Nessun significato rilevante, dunque. Solo astio tra tifoserie calcistiche.
«Sì, fa parte di una rivalità, per me antica. Mi dispiace che proprio di recente ci sia stato un ritorno di fiamma sulla rivalità calcistica. Ma su quali basi lo poniamo? Quando c’è un derby: voglio dire Napoli, Salerno, Benevento. Ricordo sempre Napoli-Benevento, quando nel 2017 il Benevento Calcio arrivò in Serie A no? E pure lì ci fu la rivalità fra Napoli e Benevento. Ma perché ci deve essere? Però lì fu una cosa geniale. Sai cosa accadde? Tu sai che il santo protettore di Napoli, San Gennaro, in realtà era vescovo di Benevento, era nato a Benevento. Lui venne decapitato nel 305 dopo Cristo in quel di Pozzuoli.
E allora quando i beneventani vennero a Napoli, provarono a captare la benevolenza del nostro santo protettore e arrivarono con uno striscione su quello che prima era il San Paolo e oggi è il Maradona, che era geniale: diceva “San Gennà, ricuordate a chi sì figlio”, Cioè, geniale. Però noi napoletani, che in fatto di striscioni abbiamo poi fatto gli striscioni più importanti della storia del calcio, quando andammo a Benevento per la partita di ritorno, facemmo uno striscione di risposta che era pura filosofia. Lo striscione diceva: “San Gennà, ‘e figli so ‘e chi s’e ccresce”».
Si cercano sempre le differenze, mai i punti in comune. Eppure questa terra dimostra il contrario.

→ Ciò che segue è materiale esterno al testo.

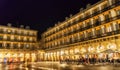 Night view of Constituion square in San Sebastian, northern Spain. Royalty Free Stock Photo
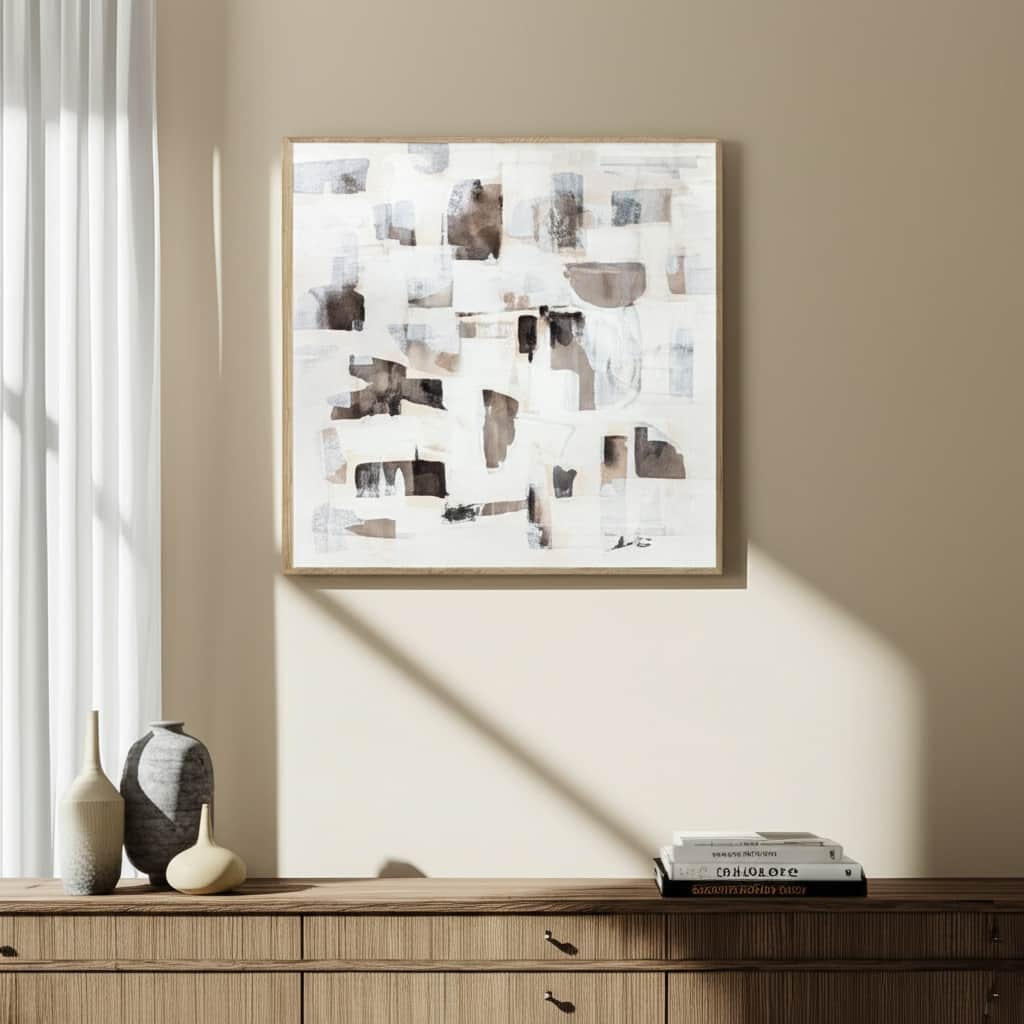 Wood Canvas Wall Art Handpainted Patches - 40" Brown/Ivory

«Gli aspetti comuni sono quelli soprattutto storico culturali. In fondo anche la stessa Napoli, 2700 anni fa, fu fondata dai Greci che venivano da Cuma. Quindi noi siamo sempre il sud di qualcuno, no? Insomma, i Greci cumani arrivarono sull’isoletta di Megaride e fondarono il primo insediamento di quella città che poi si chiamò Partenope. Insediamenti lungo la costa che hanno radici greche, poi la città diventa romana, Voglio dire, quello che a volte può creare un po’ di dispetto nelle altre province del meridione, è che nei secoli scorsi quando si diceva “napoletano” si intendeva l’intero regno di Napoli, che era il “murzetiello sapurito” d’Europa poiché tutti volevano conquistarci. D’altronde, ci hanno conquistato tutti quanti: prima eravamo arabi, greci, latini, poi vennero i Normanni, gli Svevi, gli Angioini, gli Aragonesi, i francesi, gli spagnoli, i Savoia, di cui ci sono gli otto re all’interno di Palazzo Reale. Noi eravamo questa propaggine al centro del Mediterraneo, una terra meravigliosa, grande clima, grande cultura, strategicamente importante. E quindi non solo abbiamo avuto influssi che arrivano da ogni angolo d’Europa ma poi eravamo il “murzetiello saporito”, cioè il pezzettino che tutti volevano conquistare. Però noi poi abbiamo trasformato questi problemi in una grande opportunità: oggi noi parliamo, greco, latino, arabo, normanno, svevo, angioino. Abbiamo una cucina che è una delle più ricche e variate al mondo. E quindi siamo ecco tutti i figli della medesima cultura. Per me non c’è alcuna differenza».